We are already familiar with Rafaël Rozendaal’s work from his last year performance in Berlin at the AFK Sculpture Park, but it is time for a deeper insight of his portfolio […]
We are already familiar with Rafaël Rozendaal’s work from his last year performance in Berlin at the AFK Sculpture Park, but it is time for a deeper insight of his portfolio especially in the light of generative art, a creative trend that is gaining steam.
Rafaël is not an artist in the common use of the term: he doesn’t paint with a brush or on a canvas, he doesn’t sculpt nor avails himself of photographic supports. Even the label of multimedia artist, which implies the use of advanced technological means, such as computer-generated animation and interactivity, does not fit 100% the profile of this eclectic creative mind. Flash software and Webdesign are his tools, Websites are his artworks, playfulness and immediacy of the message are the key factors for his success.
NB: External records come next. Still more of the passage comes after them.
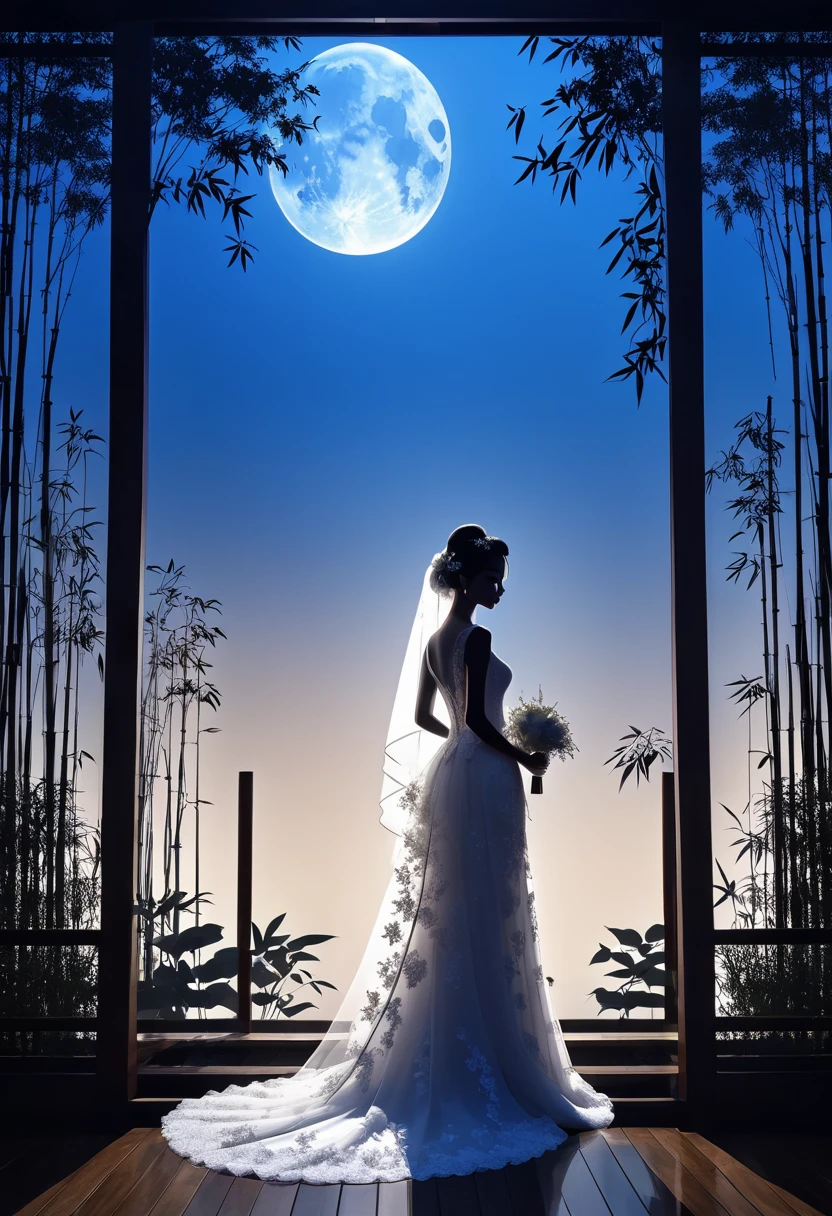 (((искусство силуэта:1.4))), 1Свадебная одежда, (двойной контакт:1.3), Невеста в свадебном платье стоит одна на свадьбе в ресторане，Вид на японский сад, окруженный бамбуковым лесом., голубая луна, (крупный план), продвигать, сложный, (Лучшее качество, шедевр, Представительская работа, официальное искусство, Профессиональный, единство 8k обои:1.3)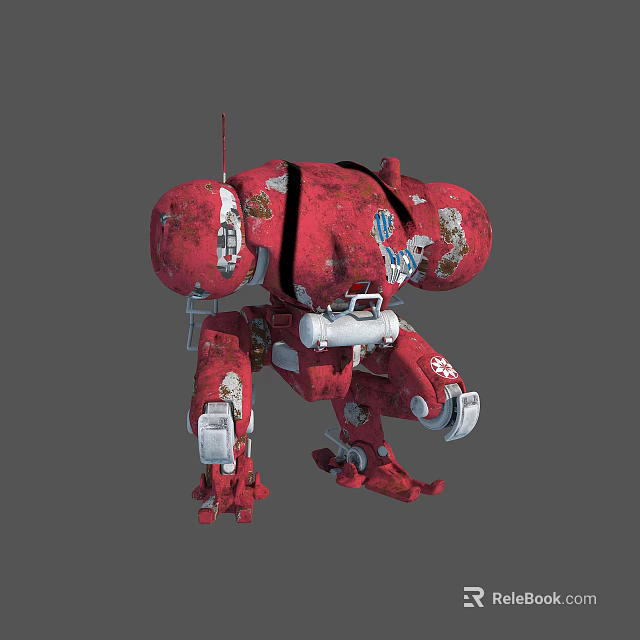 Detailed Red Mechanical Creature Robot With Multi Limbed Body Damaged Parts And Stickers 3d model 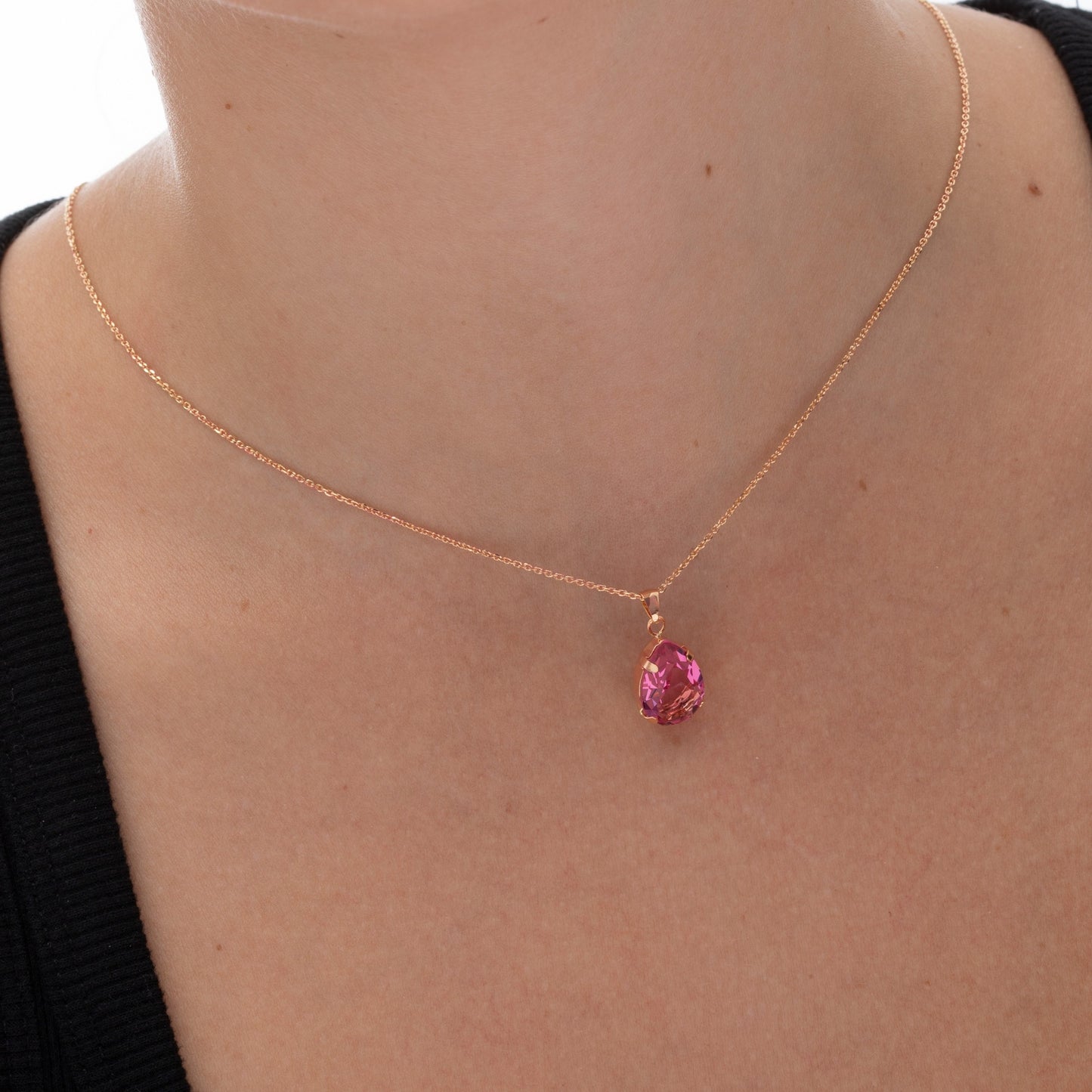 Rose Gold plated Sterling Silver Short necklace drop crystal from Louis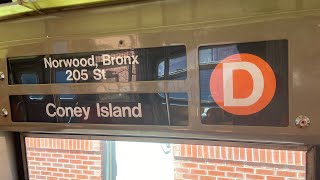 IND Subway: R68 (D) Train Ride from Coney Island to Norwood-205th St via Sea Beach / Concourse Exp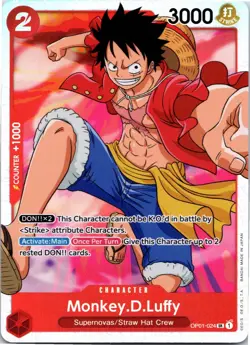 Monkey.D.Luffy OP01-024 Romance Dawn One Piece TCG - English Near Mint SR Foil - Image 1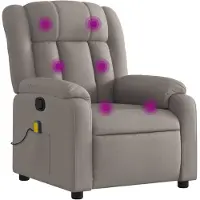 vidaXL Massagesessel Taupe Stoff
He sells intangibility and immateriality: the collector buys the work with the domain name, the name is placed in the html title bar and then the domain is transferred to the collector who becomes the owner of the website. The owner also signs a contract stating that the website must remain open to the public. The owner sees the exact same piece as the rest of the world, but the personal experience of each viewer will remain unique. These works are immaterial, they can be seen very privately at home or as a huge installation in a museum because a website can exist anywhere you want, anyway you want.
Some people might think that selling a website as an art piece is crazy, because digital reproduction is everywhere but Rozendaal is actually adding a four dimension to the traditional idea of painting: his images are jpg’s that don’t pretend to tell a story, but they move and interact with the viewers who become the virtual painters by clicking, dragging, sliding up ad down and so on. The viewer can expand many of the pieces and affect the shape and course of events. Rozendaal’s work often represents simple and ordinary situations like dropping a stone into an endless hole or emptying a roll of toilet paper but these repetitive patterns and images give way to more complex relationships and a meditative awareness.